Начальник связи 89-й майор Мкртычан по своей линии имел указания о связи с пролетающими ночью самолётами ПО-2, и о подаче, в определённых случаях, лётчикам сигналов. Знали мы и общие сигналы связи с авиацией, сигналы взаимного распознавания, которые очень нам пригодились.
Через день или два, после занятия нами обороны, поздним утром, при ясной погоде и отличной видимости, штабной люд вышел из своих землянок погреться на солнышке. В это время наблюдатель заметил девятку наших штурмовиков, идущих с юго-востока, и оповестил о них. Поскольку штурмовики шли в направлении Моздока, ясное дело, на переправу, все вели себя спокойно.
Мы с Козловым стояли у своей землянки и тоже заинтересовались полётом этих замечательных машин. Самолёты летели низко и чуть правее нашего командного пункта. Высыпавший из землянок народ, до этого не видевший этих самолётов, тем более в боевой работе, полез вверх по скату высоты с намерением посмотреть, как наши будут давать фрицам жару.
Да только головной штурмовик вдруг повернул влево, перешёл в крутое пике и дал очередь! По лезшим в гору штабникам! За первым самолётом стали разворачиваться и последующие. Наши любопытствующие бросились врассыпную.
Вероятно, командир девятки принял лезших на высоту людей, за разбегающихся немцев.
— Козлов! Ракета подготовлена? Стреляй! — приказал я.
Козлов поднял ракетницу и выстрелил. Головной самолёт, увидев опознавательную ракету, резко отвернул в сторону и взмыл к верху. За ним последовали ведомые. Через несколько минут они уже штурмовали какую-то цель ближе к берегу.
— Ну и молодец, ты, Козлов! — похвалил Ивана майор Исаханян.
— Я здесь не при чём. Мне приказал товарищ гвардии майор, — засмущался мой ординарец.
Находящиеся поблизости товарищи зацокали языками. И, представьте себе, укрепился мой авторитет. Значительно укрепился!
А то, что Козлов всегда был готов подать сигнал ракетой, было результатом бомбёжки нашими самолётами командного пункта 2-ой гвардейской дивизии. Помните?

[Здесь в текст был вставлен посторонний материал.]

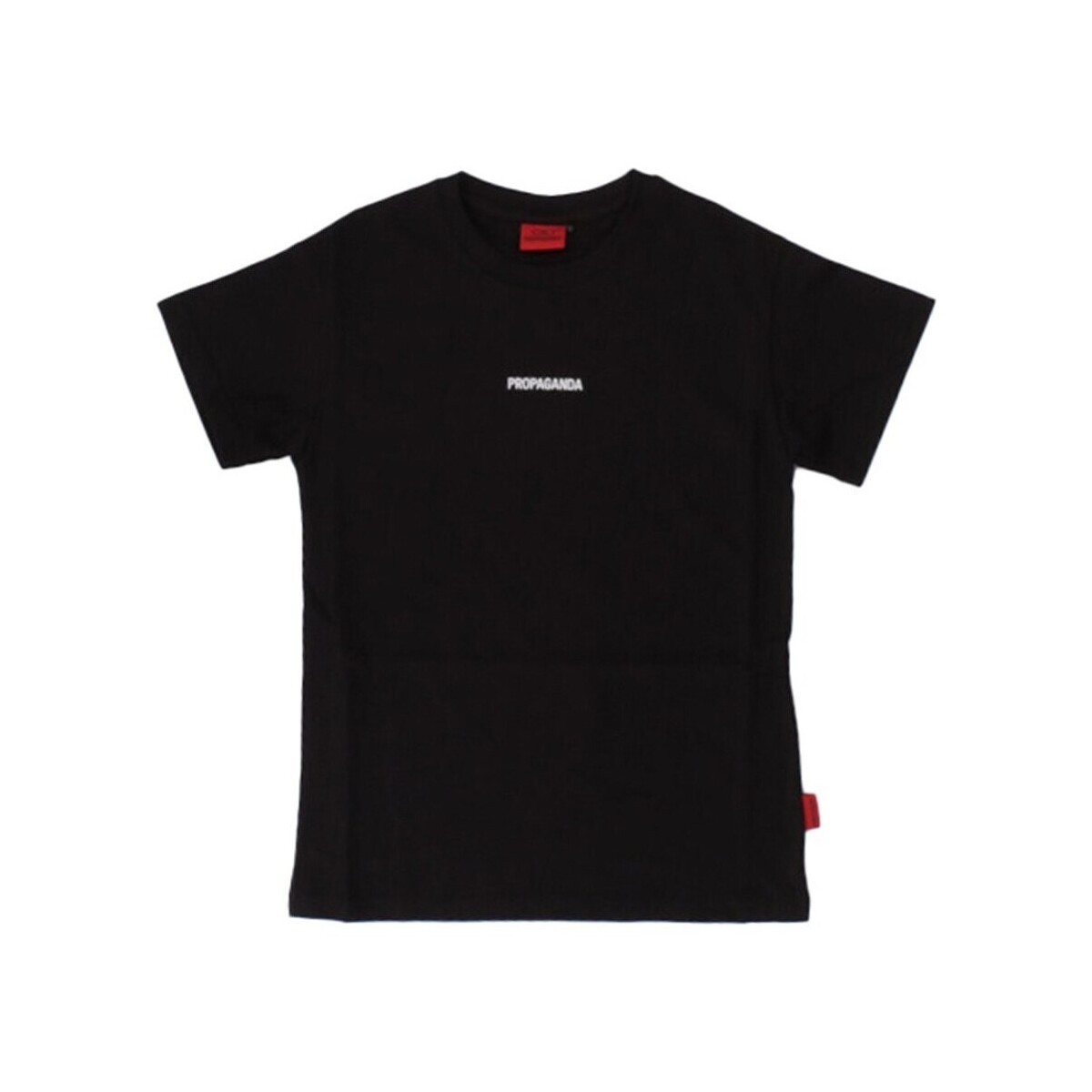 Υφασμάτινα Αγόρι T-shirt με κοντά μανίκια Propaganda 24SSPRBLTS986 Black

Полоса, которую обороняла 89-я стрелковая дивизия, в своей большей части была покрыта густыми стеблями кукурузы. Это обстоятельство одновременно и радовало и беспокоило командиров. Высокие стебли кукурузы отлично маскировали позиции подразделений, давали возможность в любое время передвигаться по обороне скрытно от глаз вражеских наблюдателей и, следовательно, не бояться обстрела. Но, с другой стороны, наблюдение было настолько ограничено, что командиры не видели не только противника, но и своей обороны. А управление в частях, следовательно, сильно затруднялось.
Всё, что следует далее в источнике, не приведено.